WHAT THE TASK ASKS:
Pictures in the listing below are skipped, while the lines from the "Feux de clignotants" line through the "Bulk Stock Cart 2000 lb 30 in L" line are returned word for word.

----------

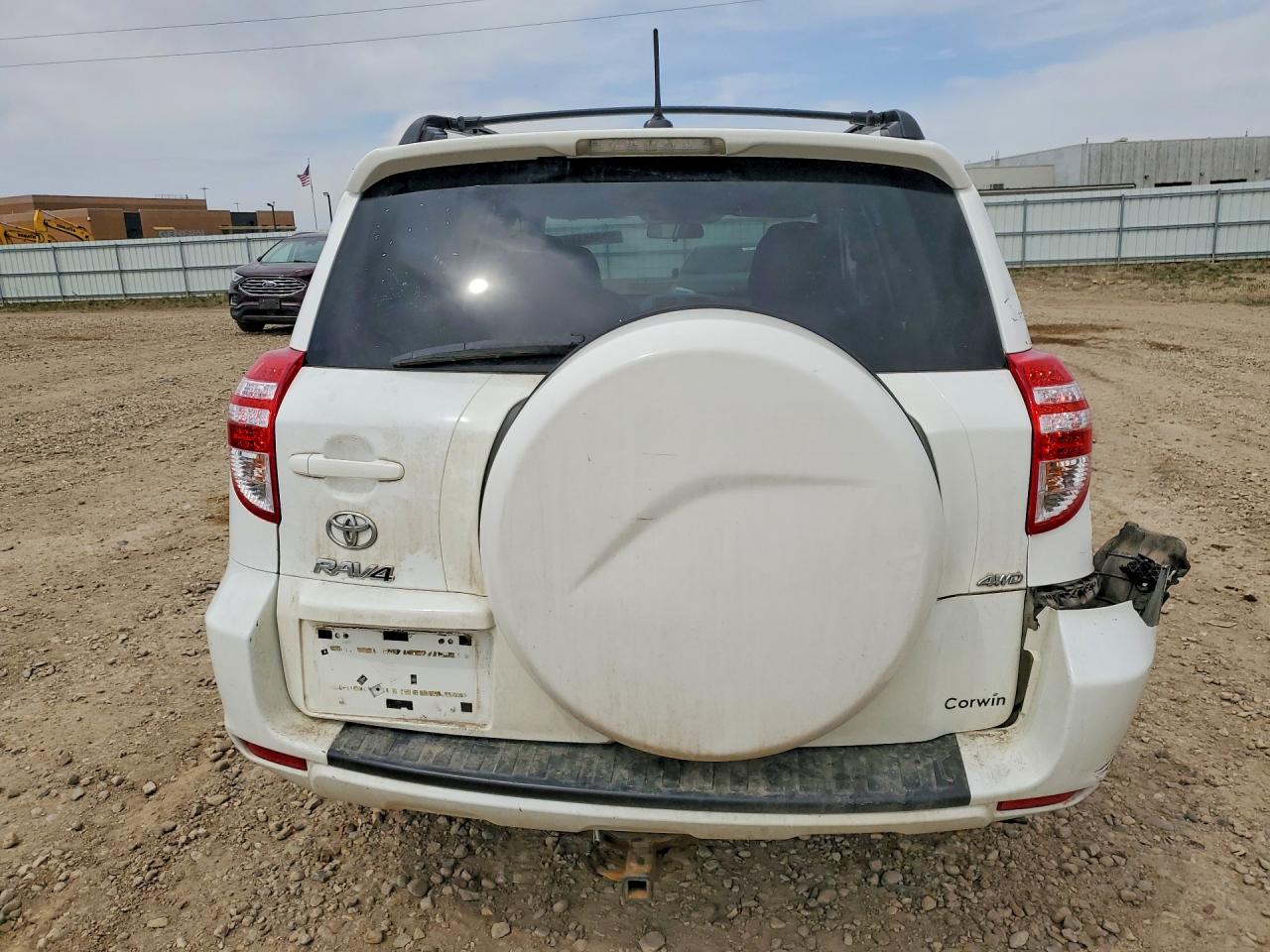 2012 TOYOTA RAV4 photo 16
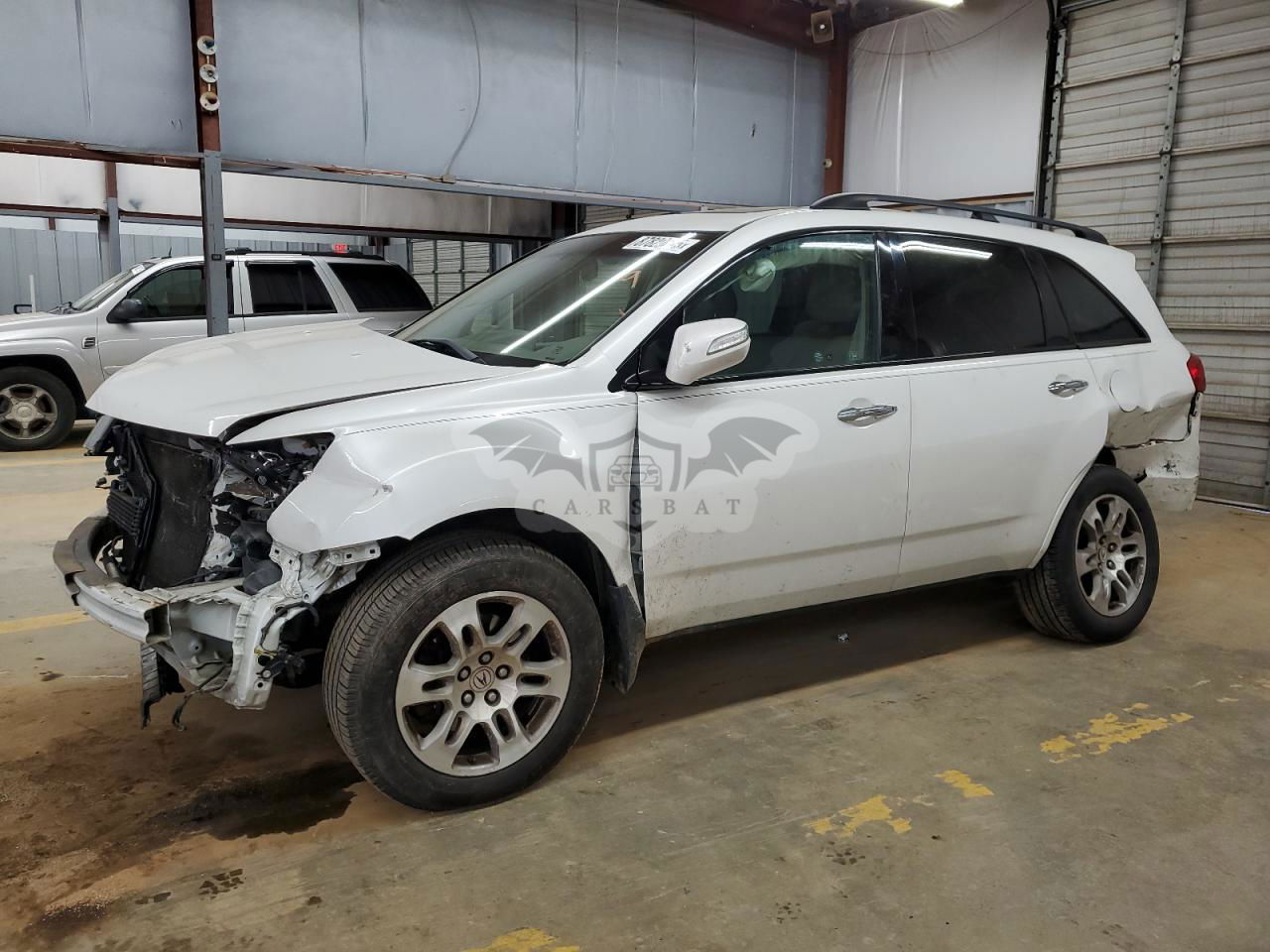 Acura MDX TECHNOLOGY 3.7L  6 2008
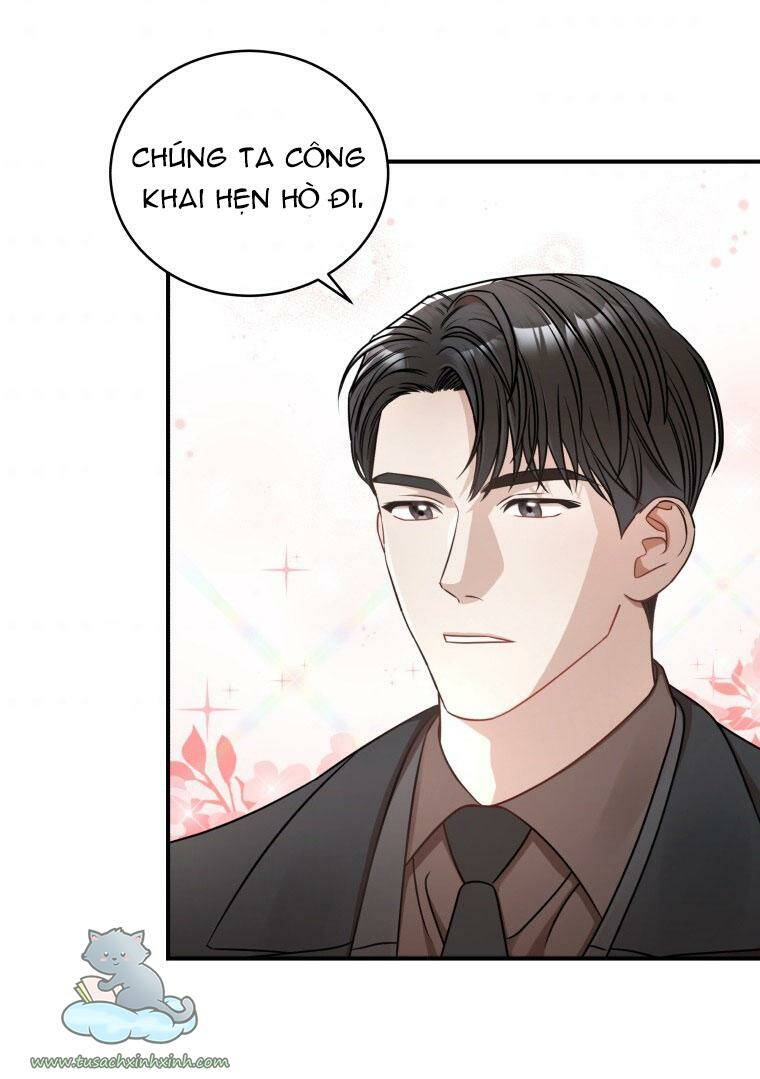 công khai hẹn hò chốn công sở chapter 2 - Next chapter 3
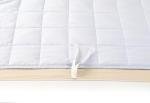 UhobeCap Cooling Weighted Blanket Cover - Khaki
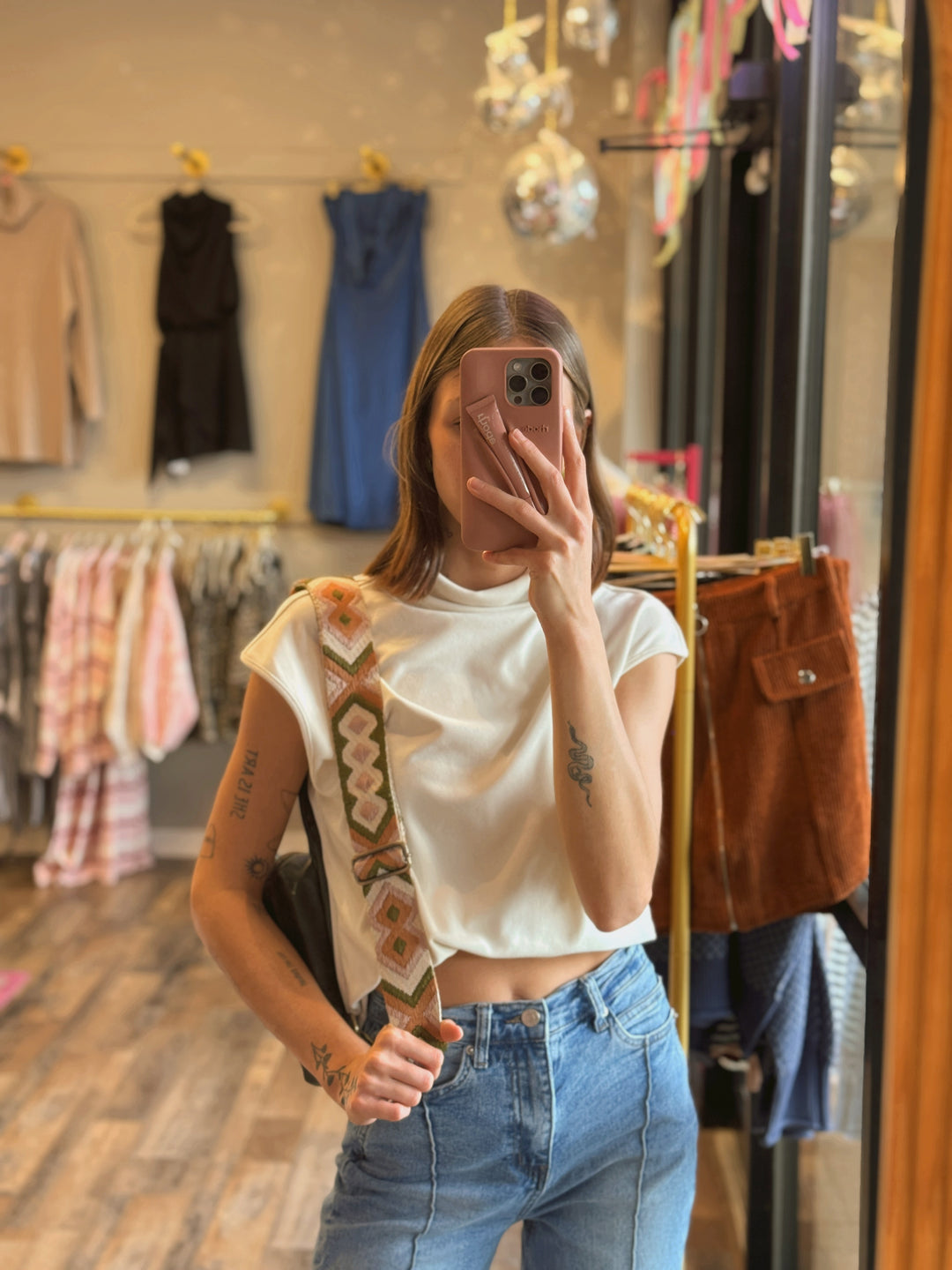 Kara Small Sling Bag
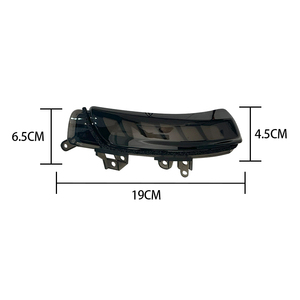 Feux de clignotants séquentiels à LED pour Toyota <span class=keywords><strong>PRIUS</strong></span> ZVW30 CAMRY ACV40 WISH VENZA MARK X AVENSIS T270, pièces de lampe automobile dynamique - Product Image 3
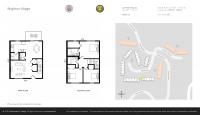Unit 227 Kettering Ct floor plan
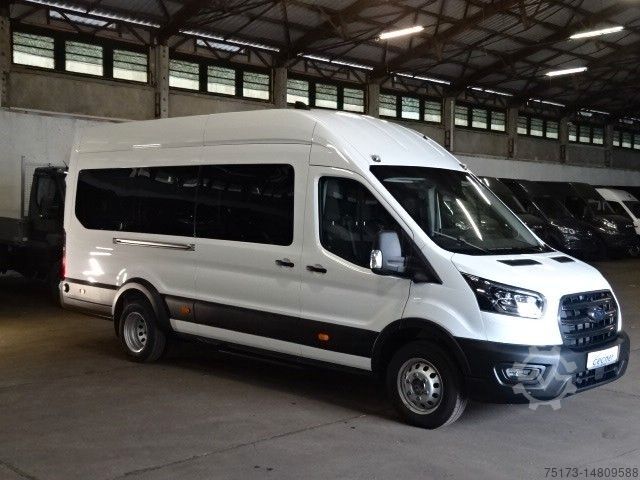 Bus FORD Transit 460L4 Autom 18Sitzer Stndhzg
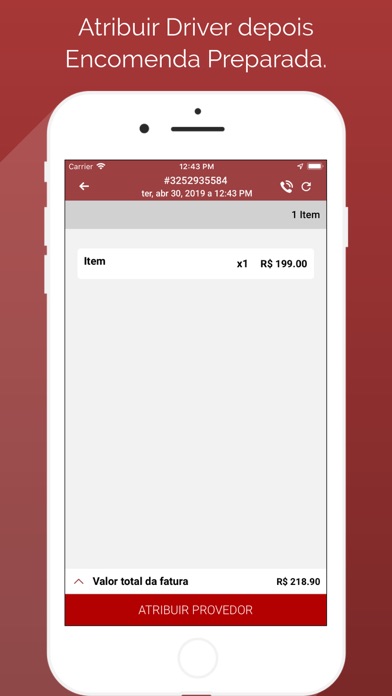 How to cancel & delete DeliveryVixJobs from iphone & ipad 4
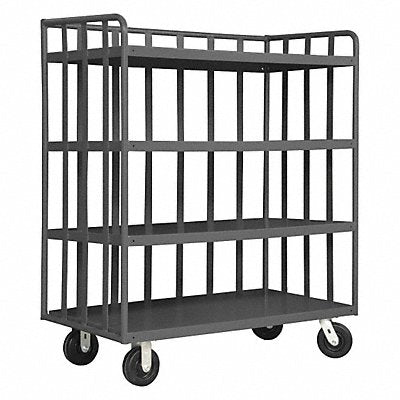 Bulk Stock Cart 2000 lb 30 in L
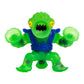 Heroes Of Goo Jit Zu Cursed Goo Sea Versus Pack | Exclusive 2 Figure Pack | Exclusive Pantaro With Color Change Face & Exclusive Squidor With Suction Attack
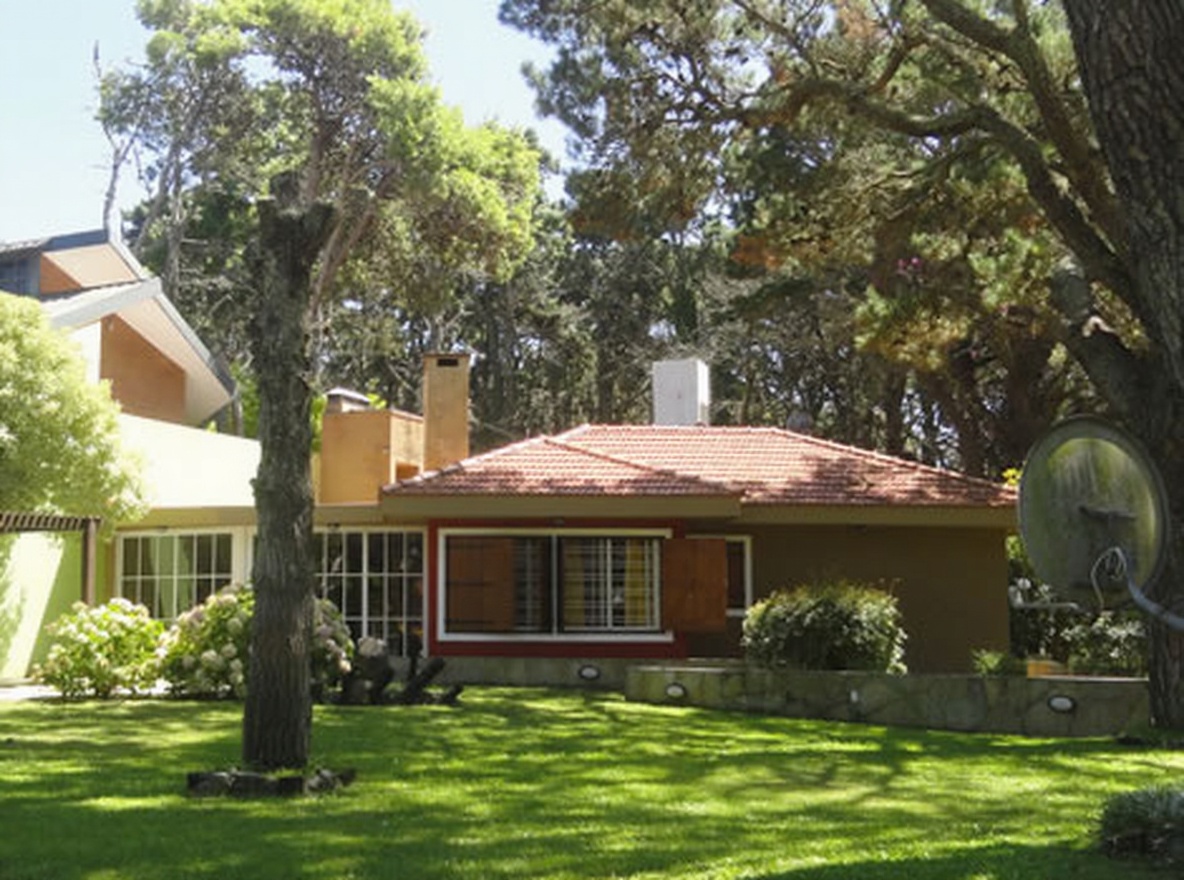 Chalet con WiFi a 300 metros del mar en Costa del Este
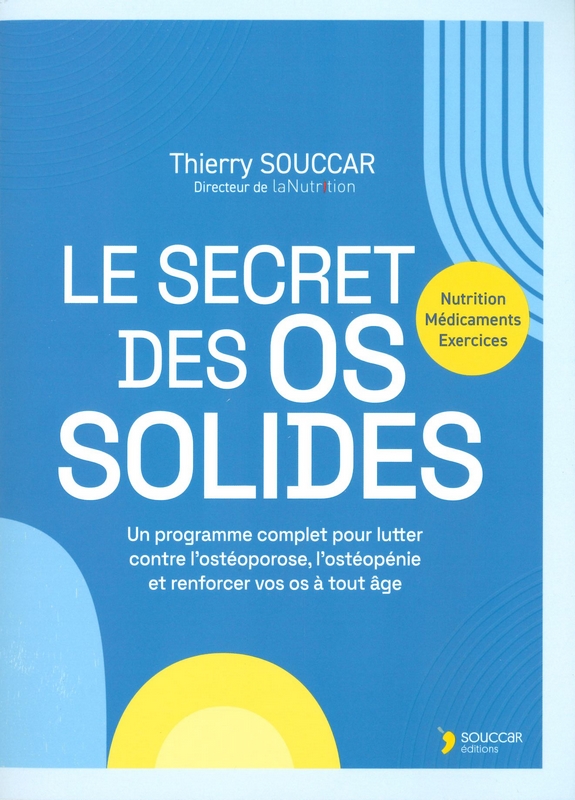 Le Secret Des Os Solides Boutique Librairie écologique Nature Progrès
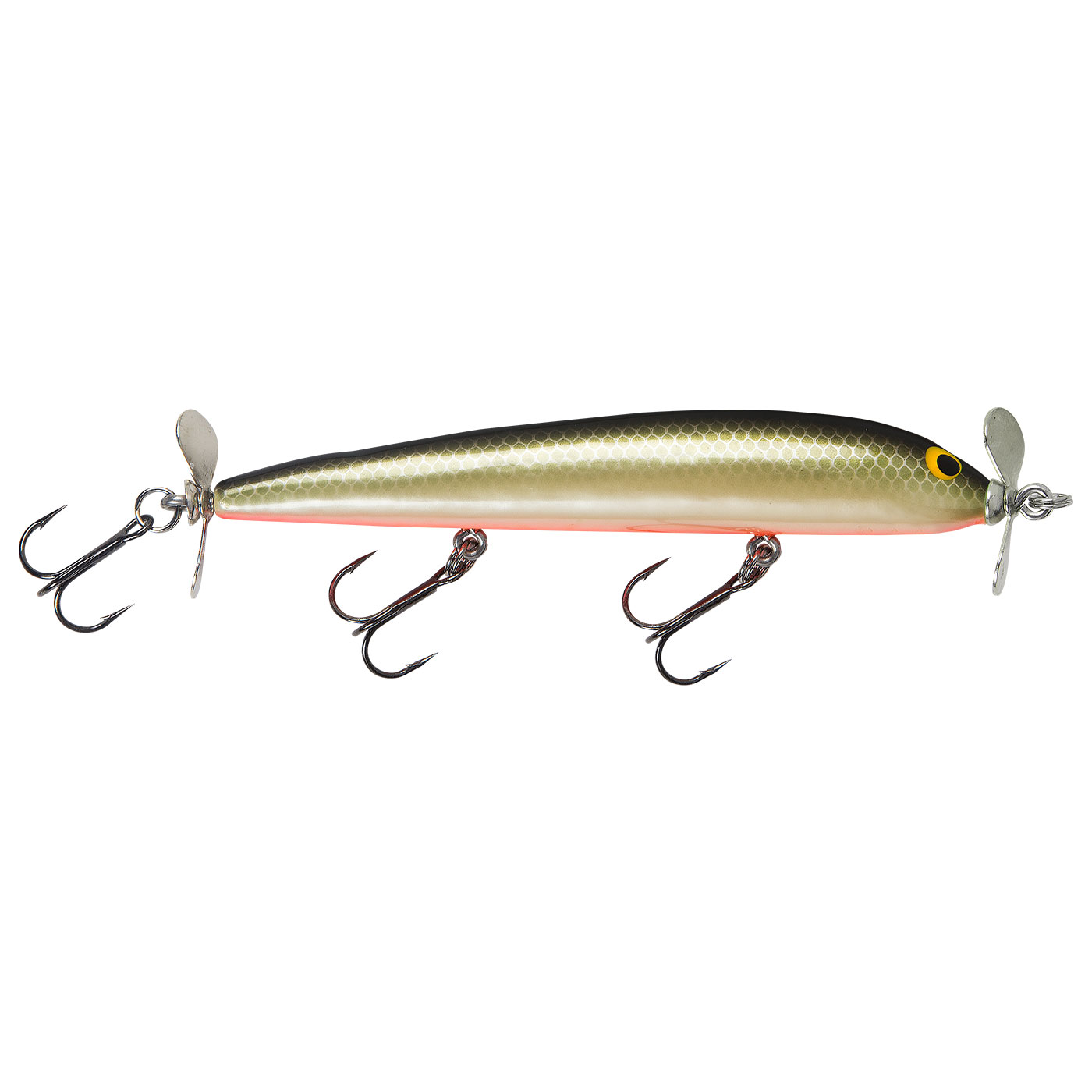 Bang O Lure Twin Spin | Bagley | Baits.com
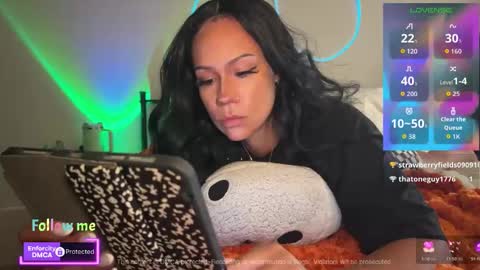 the_dahli_mama online show from 11/16/25, 01:06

----------

TASK OUTPUT:
 Feux de clignotants séquentiels à LED pour Toyota <span class=keywords><strong>PRIUS</strong></span> ZVW30 CAMRY ACV40 WISH VENZA MARK X AVENSIS T270, pièces de lampe automobile dynamique - Product Image 3
Unit 227 Kettering Ct floor plan
 Bus FORD Transit 460L4 Autom 18Sitzer Stndhzg
 How to cancel & delete DeliveryVixJobs from iphone & ipad 4
 Bulk Stock Cart 2000 lb 30 in L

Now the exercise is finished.